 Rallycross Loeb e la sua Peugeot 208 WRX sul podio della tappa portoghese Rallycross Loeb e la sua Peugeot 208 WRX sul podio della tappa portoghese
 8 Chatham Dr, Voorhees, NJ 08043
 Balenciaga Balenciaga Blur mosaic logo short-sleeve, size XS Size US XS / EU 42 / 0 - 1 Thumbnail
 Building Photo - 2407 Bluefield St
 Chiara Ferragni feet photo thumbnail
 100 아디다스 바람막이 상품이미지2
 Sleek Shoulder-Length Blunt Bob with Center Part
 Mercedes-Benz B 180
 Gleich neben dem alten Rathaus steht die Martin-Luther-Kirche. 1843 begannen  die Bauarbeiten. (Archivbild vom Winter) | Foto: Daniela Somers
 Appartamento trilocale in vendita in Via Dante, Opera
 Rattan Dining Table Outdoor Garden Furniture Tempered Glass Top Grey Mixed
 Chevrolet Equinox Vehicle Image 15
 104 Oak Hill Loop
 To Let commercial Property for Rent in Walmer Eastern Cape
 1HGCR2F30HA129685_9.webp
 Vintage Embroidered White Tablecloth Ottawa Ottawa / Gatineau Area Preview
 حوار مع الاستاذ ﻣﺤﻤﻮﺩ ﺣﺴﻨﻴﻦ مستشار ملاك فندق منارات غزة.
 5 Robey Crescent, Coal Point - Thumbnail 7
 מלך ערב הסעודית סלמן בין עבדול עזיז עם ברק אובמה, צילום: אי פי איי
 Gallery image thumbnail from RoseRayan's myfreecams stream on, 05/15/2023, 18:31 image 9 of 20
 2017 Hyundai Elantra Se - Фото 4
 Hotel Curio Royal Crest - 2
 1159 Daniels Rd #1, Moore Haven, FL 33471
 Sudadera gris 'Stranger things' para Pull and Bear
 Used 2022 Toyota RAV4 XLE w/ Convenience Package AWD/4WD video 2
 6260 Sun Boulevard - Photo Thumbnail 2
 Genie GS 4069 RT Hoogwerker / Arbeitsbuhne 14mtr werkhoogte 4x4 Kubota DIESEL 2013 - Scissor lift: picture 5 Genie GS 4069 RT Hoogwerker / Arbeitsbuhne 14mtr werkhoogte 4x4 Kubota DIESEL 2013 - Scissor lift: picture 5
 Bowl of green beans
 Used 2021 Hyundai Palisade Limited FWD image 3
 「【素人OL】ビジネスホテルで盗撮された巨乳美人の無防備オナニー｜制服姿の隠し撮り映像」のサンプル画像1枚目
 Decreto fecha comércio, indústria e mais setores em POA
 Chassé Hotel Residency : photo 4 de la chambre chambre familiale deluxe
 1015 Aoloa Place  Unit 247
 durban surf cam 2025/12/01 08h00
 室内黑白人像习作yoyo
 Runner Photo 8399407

··········

Print the material exactly as written, omitting nothing.

§ **OUTPUT FOR THIS EXERCISE**
 Rallycross Loeb e la sua Peugeot 208 WRX sul podio della tappa portoghese Rallycross Loeb e la sua Peugeot 208 WRX sul podio della tappa portoghese
 8 Chatham Dr, Voorhees, NJ 08043
 Balenciaga Balenciaga Blur mosaic logo short-sleeve, size XS Size US XS / EU 42 / 0 - 1 Thumbnail
 Building Photo - 2407 Bluefield St
 Chiara Ferragni feet photo thumbnail
 100 아디다스 바람막이 상품이미지2
 Sleek Shoulder-Length Blunt Bob with Center Part
 Mercedes-Benz B 180
 Gleich neben dem alten Rathaus steht die Martin-Luther-Kirche. 1843 begannen  die Bauarbeiten. (Archivbild vom Winter) | Foto: Daniela Somers
 Appartamento trilocale in vendita in Via Dante, Opera
 Rattan Dining Table Outdoor Garden Furniture Tempered Glass Top Grey Mixed
 Chevrolet Equinox Vehicle Image 15
 104 Oak Hill Loop
 To Let commercial Property for Rent in Walmer Eastern Cape
 1HGCR2F30HA129685_9.webp
 Vintage Embroidered White Tablecloth Ottawa Ottawa / Gatineau Area Preview
 حوار مع الاستاذ ﻣﺤﻤﻮﺩ ﺣﺴﻨﻴﻦ مستشار ملاك فندق منارات غزة.
 5 Robey Crescent, Coal Point - Thumbnail 7
 מלך ערב הסעודית סלמן בין עבדול עזיז עם ברק אובמה, צילום: אי פי איי
 Gallery image thumbnail from RoseRayan's myfreecams stream on, 05/15/2023, 18:31 image 9 of 20
 2017 Hyundai Elantra Se - Фото 4
 Hotel Curio Royal Crest - 2
 1159 Daniels Rd #1, Moore Haven, FL 33471
 Sudadera gris 'Stranger things' para Pull and Bear
 Used 2022 Toyota RAV4 XLE w/ Convenience Package AWD/4WD video 2
 6260 Sun Boulevard - Photo Thumbnail 2
 Genie GS 4069 RT Hoogwerker / Arbeitsbuhne 14mtr werkhoogte 4x4 Kubota DIESEL 2013 - Scissor lift: picture 5 Genie GS 4069 RT Hoogwerker / Arbeitsbuhne 14mtr werkhoogte 4x4 Kubota DIESEL 2013 - Scissor lift: picture 5
 Bowl of green beans
 Used 2021 Hyundai Palisade Limited FWD image 3
 「【素人OL】ビジネスホテルで盗撮された巨乳美人の無防備オナニー｜制服姿の隠し撮り映像」のサンプル画像1枚目
 Decreto fecha comércio, indústria e mais setores em POA
 Chassé Hotel Residency : photo 4 de la chambre chambre familiale deluxe
 1015 Aoloa Place  Unit 247
 durban surf cam 2025/12/01 08h00
 室内黑白人像习作yoyo
 Runner Photo 8399407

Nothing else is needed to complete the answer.